Since your immunity has a memory, so when the actual pathogen attacks you, your body will remember the virus and they will end up destroying the virus without you being affected much.
Alessandro Sette, a professor at the Center for Infectious Disease and Vaccine Research at the La Jolla Institute for Immunology in California explains it even further: “In cases where you’d have a concern that the vaccine is losing efficacy, the most straightforward measure you would take would be to have a booster. Yet because you’ve already received the first shot, your body already has a head start. “A booster induces a recall response. You start from immune memory. That’s the beauty of it.”
However, what is not known, is if your body will gain an even stronger response against the pathogens if you receive vaccines with different parts of the pathogens. This is known as “heterologous prime-boost,” in immunology. Some studies even indicate that those could help in developing more effective vaccines against diseases like Tuberculosis, HIV, Malaria, etc.
According to Brian Baker, professor at the Drew University says: “If you had two different vaccines that used different parts of the virus, you would make two different immune responses instead of getting a boost to the first one.”
This could mean that your body will effectively develop a stronger response against the pathogen. This process has been explored around in laboratories, but what is yet unknown is the combinations of two different vaccines against the same pathogen.
So there is a probable reason for taking different types of the same vaccine, For Example, the vaccine developed by AstraZeneca and Oxford utilises viral-vector platforms for the possibility that a body might develop immunity against the adenovirus in it. The adenovirus used in the vaccine was the one which infected chimpanzees.

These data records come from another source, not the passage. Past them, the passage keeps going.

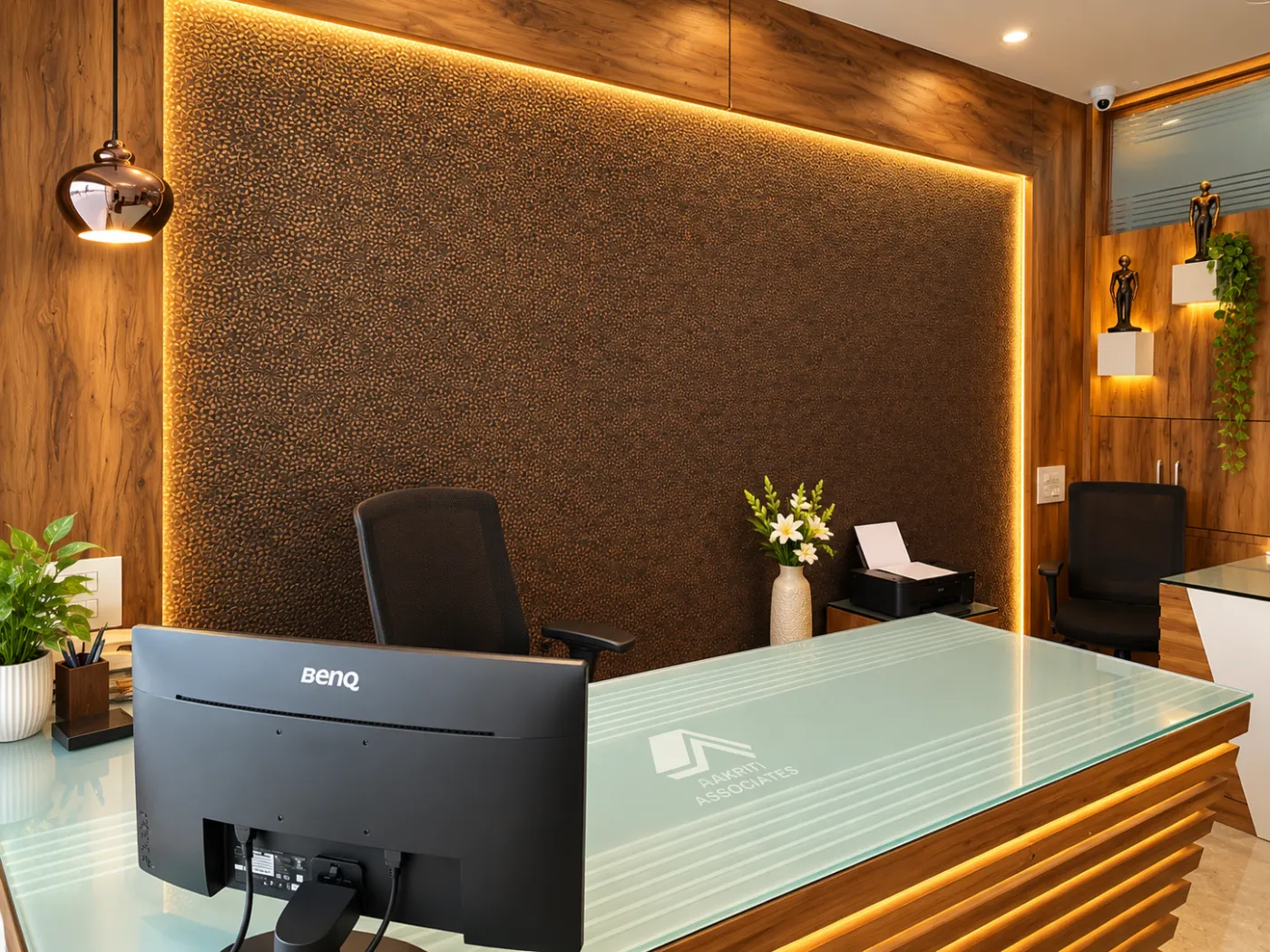 The Aakriti Associates studio with its glass-topped desk and lit feature wall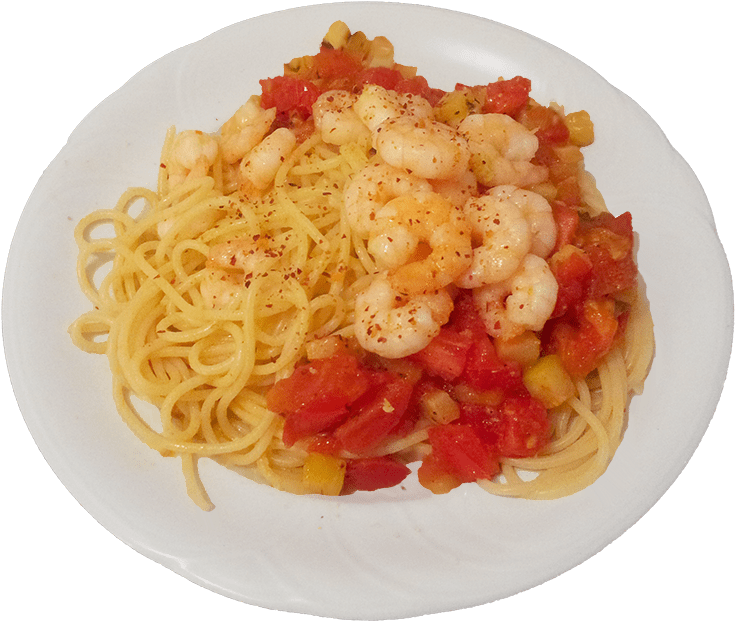 Spaghetti mit Gambas in Orangenlikör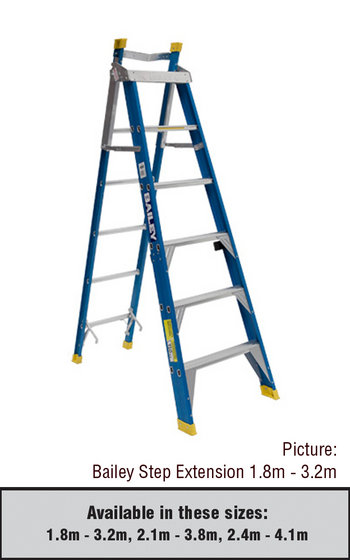 Bailey Fibreglass Step Extension Ladder 8ft (2.4m - 4.1m) - Heavy Duty 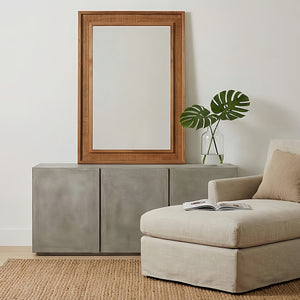 English Elm Natural Rattan Wrapped Solid Wood Frame Rectangle Mirror for Farmhouse Entryway Bath Yellowish-Brown W2203P436625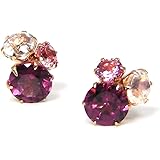 ロードライトガーネット ピンクゴールド K18 18金 18K ピアス レディース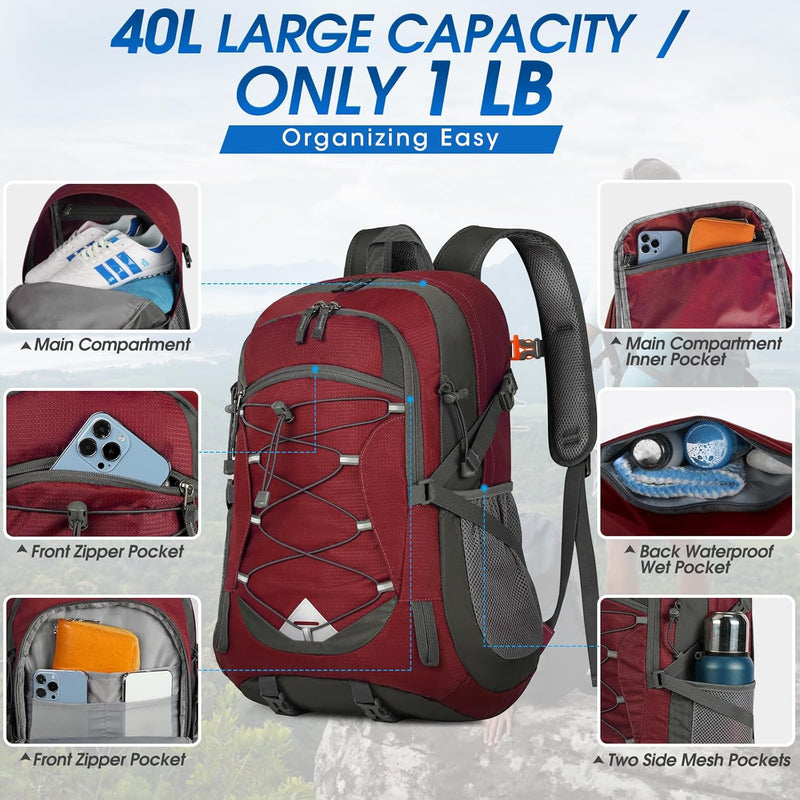 40L Waterdichte Wandel- & Kampeerrugzak – Lichtgewicht & Opvouwbaar – 1+1 GRATIS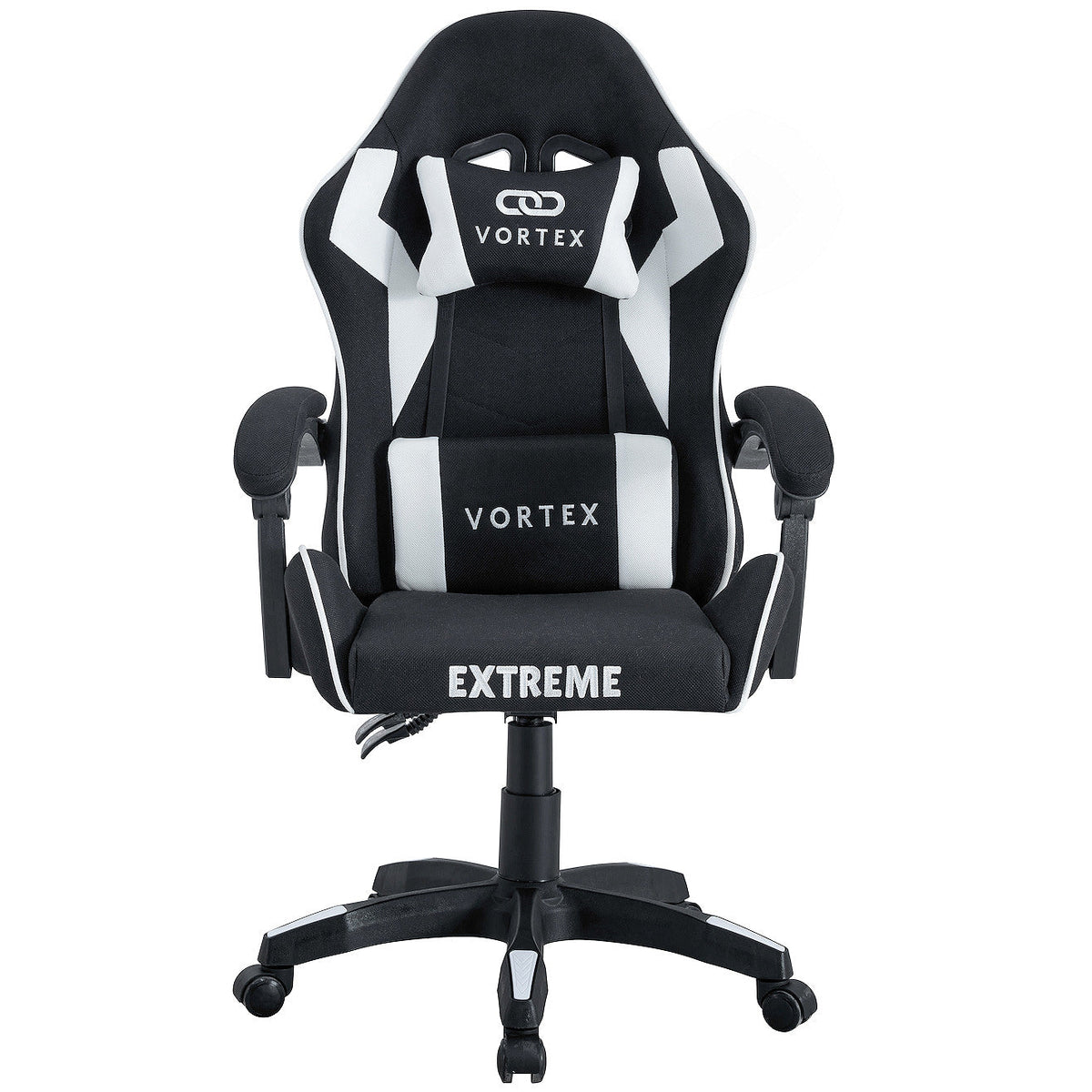 EXTREME Vortex – Fotel Gamingowy z Tkaniny, Czarno-Biały Ergonomiczny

According to Krammer: “We don’t have immunity against those, but we might develop immunity after the first shot, in which case the second dose might be less effective.”
The dangers against mixing vaccines in the body.
The probable dangers of injecting multiple types of vaccine need to yet be discussed and researched. However, one may not know the vaccine they’re being inoculated with. For example, if you were administered a Moderna vaccine as your first shot against the Coronavirus, you can be potentially administered a booster shot of the Moderna vaccine.
This wouldn’t necessarily cause any potential harm to your body, However, it is essential to take the booster shots of both the vaccines, otherwise, both will fall ineffective.
Barker adds: “If you had two different vaccines that used different parts of the virus, you would make two different immune responses instead of getting a boost to the first one. It might further boost your immune response, but whether that boost matters is not clear. More doesn’t necessarily last longer in your body. At some point, you get enough of a response, so more doesn’t add anything.”
So while there isn’t a lot of documented danger against having mixing multiple vaccines of the same pathogen, for COVID-19 it would be smart to not go and mix up the vaccines as this is a new disease with a new vaccine, which many even researchers don’t know a lot about.
Angela Rasmussen, a virologist at the Center for Global Health Science and Security at Georgetown University, Washington, D.C reveals: “I don’t think we have nearly enough information that people should start mixing and matching COVID-19 vaccines. It’s a novel virus with a novel vaccine. We shouldn’t rush into it.”
So there you have it, while you can take multiple vaccines against COVID-19, as this is caused by a new virus, it would be smart to not do it and continue taking the same form of vaccine until further research reveals more about the virus.